But Kansas State will face a different type of running attack when it plays Oklahoma State on Saturday at Pickens Stadium. The Cowboys no longer have a featured running back. Quarterbacks, receivers, and running backs are all getting touches. Through four games, eight players have carried the ball for 639 yards and 10 touchdowns. Opponents now have to focus on multiple running threats.
Will that hurt or help K-State? All the Wildcats know for sure is that playing defense against the Cowboys will be different.
“There are a lot of different ways that they can approach the running game and they have done so by formation as well as personnel,” K-State coach Bill Snyder said. “Their quarterback is actively involved in the run game more than they have been in the past, so it makes it more varied and more diverse.
“They are very, very capable. … It is a great deal of variety, which causes problems for you because you have to prepare for so much.”
Added linebacker Mike Moore: “It’s real different.

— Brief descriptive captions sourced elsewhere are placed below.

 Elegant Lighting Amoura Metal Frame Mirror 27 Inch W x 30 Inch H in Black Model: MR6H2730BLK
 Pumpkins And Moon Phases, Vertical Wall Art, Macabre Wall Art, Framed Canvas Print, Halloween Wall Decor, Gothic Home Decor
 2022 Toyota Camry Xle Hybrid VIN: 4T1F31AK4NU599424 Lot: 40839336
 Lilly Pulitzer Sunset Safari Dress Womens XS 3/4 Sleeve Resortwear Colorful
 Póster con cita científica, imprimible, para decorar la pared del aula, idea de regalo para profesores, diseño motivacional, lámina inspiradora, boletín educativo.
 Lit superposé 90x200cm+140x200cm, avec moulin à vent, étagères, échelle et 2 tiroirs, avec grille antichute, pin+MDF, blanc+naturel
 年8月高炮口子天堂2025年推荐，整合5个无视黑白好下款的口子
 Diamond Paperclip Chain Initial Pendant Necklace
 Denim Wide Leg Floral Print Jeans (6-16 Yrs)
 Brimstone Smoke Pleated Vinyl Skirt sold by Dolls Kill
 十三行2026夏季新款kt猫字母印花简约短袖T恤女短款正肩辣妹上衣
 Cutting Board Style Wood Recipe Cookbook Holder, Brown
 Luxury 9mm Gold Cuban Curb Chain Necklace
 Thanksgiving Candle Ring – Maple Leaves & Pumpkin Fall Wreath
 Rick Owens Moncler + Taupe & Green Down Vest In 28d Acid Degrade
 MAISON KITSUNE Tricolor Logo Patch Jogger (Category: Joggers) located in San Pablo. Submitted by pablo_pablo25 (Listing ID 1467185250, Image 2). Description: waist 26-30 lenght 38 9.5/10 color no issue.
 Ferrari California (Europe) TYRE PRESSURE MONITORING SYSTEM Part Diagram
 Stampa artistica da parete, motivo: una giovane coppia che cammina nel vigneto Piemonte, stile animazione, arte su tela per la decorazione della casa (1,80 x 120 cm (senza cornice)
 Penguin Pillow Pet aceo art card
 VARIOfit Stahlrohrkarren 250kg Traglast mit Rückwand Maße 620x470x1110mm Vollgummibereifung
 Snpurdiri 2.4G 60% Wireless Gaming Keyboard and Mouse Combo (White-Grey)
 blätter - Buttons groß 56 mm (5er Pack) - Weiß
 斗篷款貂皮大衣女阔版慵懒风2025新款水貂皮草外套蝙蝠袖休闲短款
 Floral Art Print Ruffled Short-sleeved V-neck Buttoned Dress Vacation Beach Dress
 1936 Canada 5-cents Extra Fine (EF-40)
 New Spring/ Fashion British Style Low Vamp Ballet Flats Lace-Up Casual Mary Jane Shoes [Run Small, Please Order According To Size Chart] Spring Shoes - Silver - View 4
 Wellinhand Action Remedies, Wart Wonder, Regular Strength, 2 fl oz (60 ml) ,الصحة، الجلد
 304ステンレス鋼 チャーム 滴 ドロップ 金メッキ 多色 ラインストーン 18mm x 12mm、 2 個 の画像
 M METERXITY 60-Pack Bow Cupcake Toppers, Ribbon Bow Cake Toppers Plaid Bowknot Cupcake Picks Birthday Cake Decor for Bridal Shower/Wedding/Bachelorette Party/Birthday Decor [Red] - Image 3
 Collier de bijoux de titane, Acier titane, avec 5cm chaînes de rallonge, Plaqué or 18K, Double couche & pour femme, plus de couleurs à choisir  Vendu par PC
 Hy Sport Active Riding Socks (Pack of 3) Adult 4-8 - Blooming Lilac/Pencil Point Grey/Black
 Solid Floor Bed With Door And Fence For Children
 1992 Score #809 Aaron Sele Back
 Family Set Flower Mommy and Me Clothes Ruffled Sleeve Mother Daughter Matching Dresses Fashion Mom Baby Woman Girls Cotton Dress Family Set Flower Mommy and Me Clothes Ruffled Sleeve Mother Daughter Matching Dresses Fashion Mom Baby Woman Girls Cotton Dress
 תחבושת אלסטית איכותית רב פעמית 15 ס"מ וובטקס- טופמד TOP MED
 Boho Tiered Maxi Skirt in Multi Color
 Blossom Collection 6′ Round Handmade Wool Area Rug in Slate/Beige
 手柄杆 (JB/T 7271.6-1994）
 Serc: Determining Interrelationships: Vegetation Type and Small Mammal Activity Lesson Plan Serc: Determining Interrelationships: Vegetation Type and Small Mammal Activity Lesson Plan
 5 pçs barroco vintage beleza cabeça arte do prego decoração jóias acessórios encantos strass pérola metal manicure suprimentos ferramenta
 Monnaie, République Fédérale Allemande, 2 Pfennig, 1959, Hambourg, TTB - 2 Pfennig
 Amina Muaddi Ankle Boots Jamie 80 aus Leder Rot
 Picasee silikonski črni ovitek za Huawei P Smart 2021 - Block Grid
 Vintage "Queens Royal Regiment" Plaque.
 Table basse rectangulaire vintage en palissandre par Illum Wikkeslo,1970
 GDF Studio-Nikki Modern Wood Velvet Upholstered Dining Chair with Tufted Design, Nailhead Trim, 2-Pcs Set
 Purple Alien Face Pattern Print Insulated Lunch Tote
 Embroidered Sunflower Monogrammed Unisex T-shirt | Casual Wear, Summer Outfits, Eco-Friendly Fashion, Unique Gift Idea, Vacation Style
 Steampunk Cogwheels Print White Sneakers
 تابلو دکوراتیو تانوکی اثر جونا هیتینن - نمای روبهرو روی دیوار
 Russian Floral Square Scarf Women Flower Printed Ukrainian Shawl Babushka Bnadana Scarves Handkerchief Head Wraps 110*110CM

You have to stop the run. Even when it’s passing time, you’ve still got to stop the run by making sure you get a pass rush, because the quarterback can run.”
Oklahoma State hasn’t always utilized mobile quarterbacks, but J.W. Walsh has proven he is a true dual-threat player. With 234 yards and two touchdowns, he is Oklahoma State’s top rusher. But he isn’t afraid to hand the ball off to running backs Jeremy Smith and Desmond Roland. Smith has rushed for 177 yards and six touchdowns, while Roland has added 135 yards and one touchdown.
“Reading your keys is the most important thing,” safety Dante Barnett said. “You can’t fall asleep reading your keys when you are going against a running quarterback. If you do, the next thing you know the quarterback will pull the ball down and run for 40 yards.”
The Cowboys are averaging 159.8 rushing yards, which ranks 71st nationally and fifth in the Big 12, so their production is down from previous years. And West Virginia bottled them up for 111 yards on 40 carries.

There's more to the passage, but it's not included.